A atividade econômica mundial surpreendeu positivamente a expectativa dos economistas nos últimos três meses. Os enormes estímulos lançados pelos diversos governos estão incentivando o consumo das famílias e, consequentemente, impulsionando a produção global.
Nos EUA, o consumo das famílias já recuperou boa parte da queda ocorrida durante o auge da crise, como mostra a Figura 1. Essa recuperação tem sido sustentada pela melhora do mercado de trabalho, retorno do crédito e estímulos extraordinários.
Um ponto interessante é que a poupança das famílias aumentou substancialmente entre março e julho (cerca de USD 1,1 trilhão acima do padrão). Parte relevante desses recursos ajudarão na sustentação do consumo daqui para frente. Assim, projetamos retração do PIB real americano em ‘apenas’ 3,8% neste ano, muito diferente da expectativa do FMI de queda de -5,9%.
Figura 1. EUA: Consumo das famílias recuperou 76% da queda ocorrida na crise.
Fonte: Bloomberg. Elaboração: Eduardo Yuki
A recuperação da zona do Euro e a China também tem surpreendido positivamente. Os estímulos e o restabelecimento da capacidade de produção deverão proporcionar um forte crescimento da atividade mundial neste semestre.
No Brasil, a recuperação da atividade econômica também tem surpreendido positivamente os mais ‘conservadores’. As vendas de varejo já voltaram grande parte da queda ocorrida entre março e abril, como mostra a Figura 2. O retorno do consumo tem incentivado a produção e, consequentemente, a utilização de capacidade instalada da indústria manufatureira já atingiu o mesmo patamar do início do ano.
Figura 2: Varejo recuperou 93% da queda ocorrida no auge da crise.
Fonte: IBGE. Elaboração: Eduardo Yuki.
Daqui para frente, existem alguns fatores que sustentarão nossa recuperação:
- Poupança das famílias. Desde o início da liberação do auxílio emergencial, verificamos aumento significativo na poupança das famílias. Esses recursos guardados poderão ser utilizados para sustentar o consumo ao longo dos próximos meses.
- Expansão do mercado de crédito. A defasagem natural da política monetária sugere que a redução da taxa Selic para apenas 2% ao ano e a liberação de liquidez para o sistema financeiro beneficiarão o mercado de crédito nos próximos trimestres.
- Mercado de trabalho. A criação de 108 mil vagas de emprego formal em junho, com ajuste sazonal, é um sinal animador de que a retomada da confiança dos empresários começa a beneficiar o emprego no curto prazo.
Portanto, a recuperação da atividade brasileira deve continuar nos próximos meses, mesmo com redução do valor do auxílio emergencial. O PIB real deverá retrair cerca de 4,5% neste ano (consenso em -5,5%).
PRECISAMOS RESPEITAR AS REGRAS
Os estímulos fiscais adotados durante o período da pandemia foram essenciais para ajudar na recuperação da atividade econômica.
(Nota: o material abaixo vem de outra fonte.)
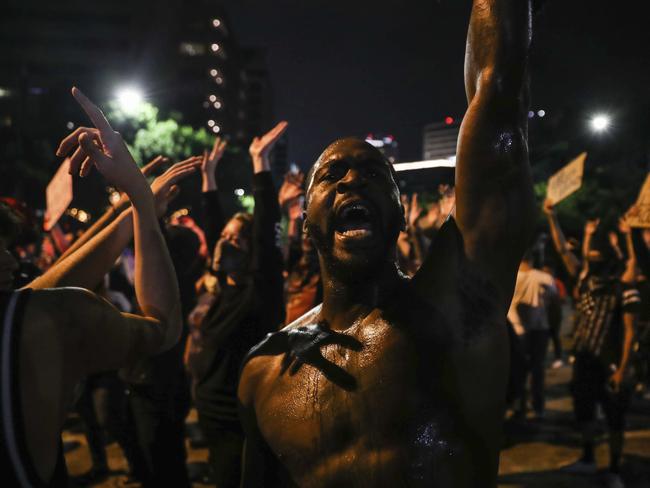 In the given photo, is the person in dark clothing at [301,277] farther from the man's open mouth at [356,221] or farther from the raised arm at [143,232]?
the man's open mouth at [356,221]

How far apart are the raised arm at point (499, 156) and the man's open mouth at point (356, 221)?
0.25 meters

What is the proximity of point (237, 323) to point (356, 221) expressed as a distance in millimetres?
2327

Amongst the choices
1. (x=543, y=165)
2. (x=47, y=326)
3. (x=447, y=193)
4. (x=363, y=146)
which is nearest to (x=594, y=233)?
(x=447, y=193)

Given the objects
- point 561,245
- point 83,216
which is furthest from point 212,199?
point 83,216

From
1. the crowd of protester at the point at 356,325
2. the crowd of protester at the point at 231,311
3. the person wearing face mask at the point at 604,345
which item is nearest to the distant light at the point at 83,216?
the crowd of protester at the point at 231,311

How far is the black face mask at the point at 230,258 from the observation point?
164 inches

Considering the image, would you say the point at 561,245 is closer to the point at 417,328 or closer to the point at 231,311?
the point at 231,311

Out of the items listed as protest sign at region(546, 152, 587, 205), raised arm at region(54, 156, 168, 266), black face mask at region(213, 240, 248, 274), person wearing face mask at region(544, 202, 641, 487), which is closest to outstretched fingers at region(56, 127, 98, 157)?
raised arm at region(54, 156, 168, 266)

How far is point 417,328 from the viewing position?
161cm

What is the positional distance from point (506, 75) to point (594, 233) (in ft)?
16.6

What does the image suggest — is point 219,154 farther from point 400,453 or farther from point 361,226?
point 400,453

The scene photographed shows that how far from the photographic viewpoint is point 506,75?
163 centimetres

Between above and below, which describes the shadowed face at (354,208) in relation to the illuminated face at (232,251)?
above

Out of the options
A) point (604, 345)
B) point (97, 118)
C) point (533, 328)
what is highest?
point (97, 118) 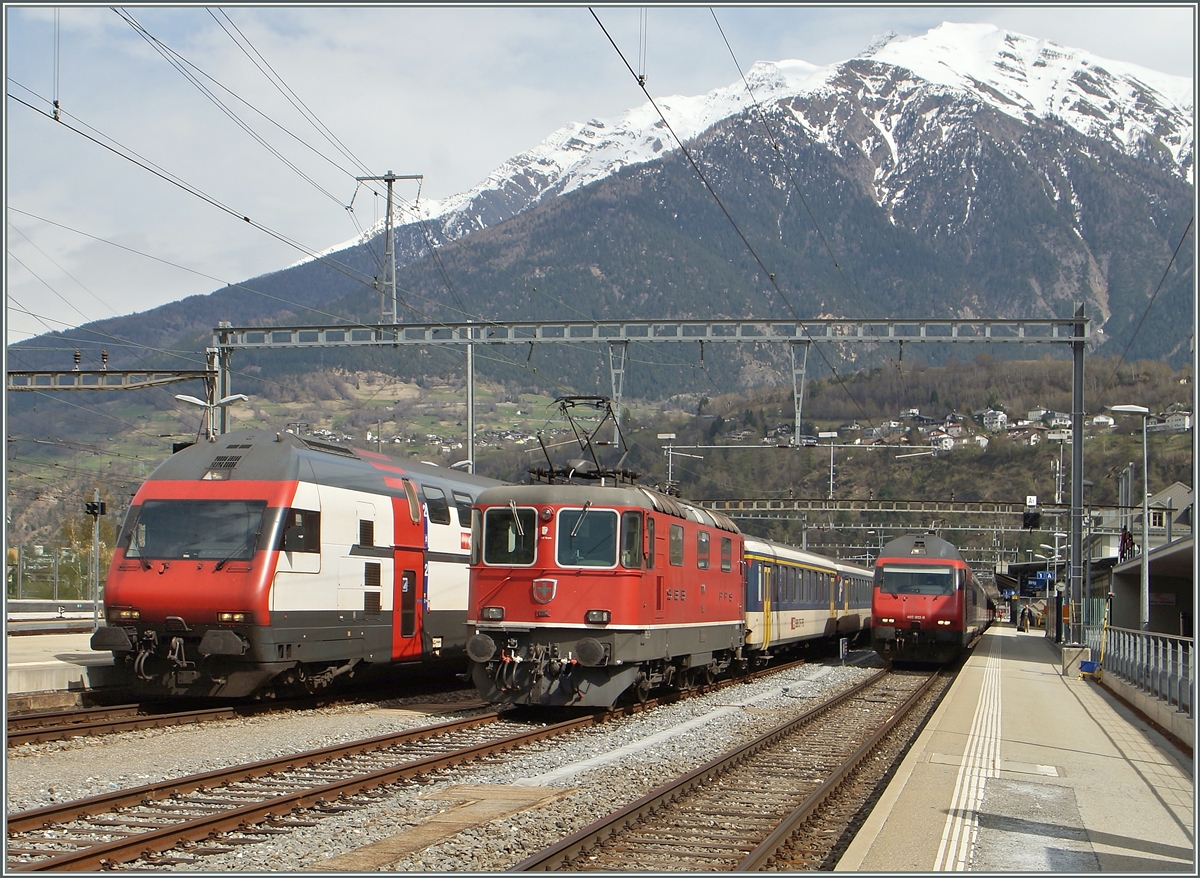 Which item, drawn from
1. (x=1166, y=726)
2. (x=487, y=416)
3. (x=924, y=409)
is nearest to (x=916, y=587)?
(x=1166, y=726)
O custo dessas políticas é a rápida deterioração das contas públicas e o salto da dívida pública bruta de 76% do PIB em 2019 para 96% do PIB neste ano.
A manutenção da solvência fiscal exige que os estímulos temporários permitidos durante o período da pandemia não sejam estendidos para 2021. Além disso, precisaremos respeitar a Emenda Constitucional do Teto de Gastos para conseguir estabilizar a dívida pública em torno de 110% do PIB em 2035.
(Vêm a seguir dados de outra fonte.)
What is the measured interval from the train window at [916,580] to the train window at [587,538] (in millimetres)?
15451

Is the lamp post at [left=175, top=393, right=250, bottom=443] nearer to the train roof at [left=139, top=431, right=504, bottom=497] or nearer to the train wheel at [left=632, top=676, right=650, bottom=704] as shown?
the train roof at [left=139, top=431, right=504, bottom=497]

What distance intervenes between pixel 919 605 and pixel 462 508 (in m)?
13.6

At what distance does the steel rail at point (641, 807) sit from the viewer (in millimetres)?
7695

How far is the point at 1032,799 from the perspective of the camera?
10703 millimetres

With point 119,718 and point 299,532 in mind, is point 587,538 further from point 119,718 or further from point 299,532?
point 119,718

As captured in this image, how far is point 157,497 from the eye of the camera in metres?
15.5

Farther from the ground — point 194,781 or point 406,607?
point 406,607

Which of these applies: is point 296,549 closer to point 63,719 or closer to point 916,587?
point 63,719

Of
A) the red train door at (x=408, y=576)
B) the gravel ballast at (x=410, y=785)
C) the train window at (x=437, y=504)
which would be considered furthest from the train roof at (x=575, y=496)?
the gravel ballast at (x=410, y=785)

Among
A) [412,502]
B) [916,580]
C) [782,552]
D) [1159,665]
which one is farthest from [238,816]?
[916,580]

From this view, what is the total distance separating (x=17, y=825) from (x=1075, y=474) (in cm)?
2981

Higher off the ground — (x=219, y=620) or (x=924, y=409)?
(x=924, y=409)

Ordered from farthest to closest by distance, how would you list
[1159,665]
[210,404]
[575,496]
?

O respeito às regras do jogo implicará em acionamento dos gatilhos de contenção de despesas em 2022. Esse processo é politicamente complexo e exige melhor entendimento por uma nova legislação.
Nosso cenário base inclui o respeito às regras. Mas, não podemos negligenciar o risco de que políticas populistas deteriorem adicionalmente as contas públicas ao longo dos próximos anos. Nesse caso, a autoridade monetária seria forçada a subir a taxa de juros antes do tempo e interromper a recuperação da atividade. Que a sensatez prevaleça.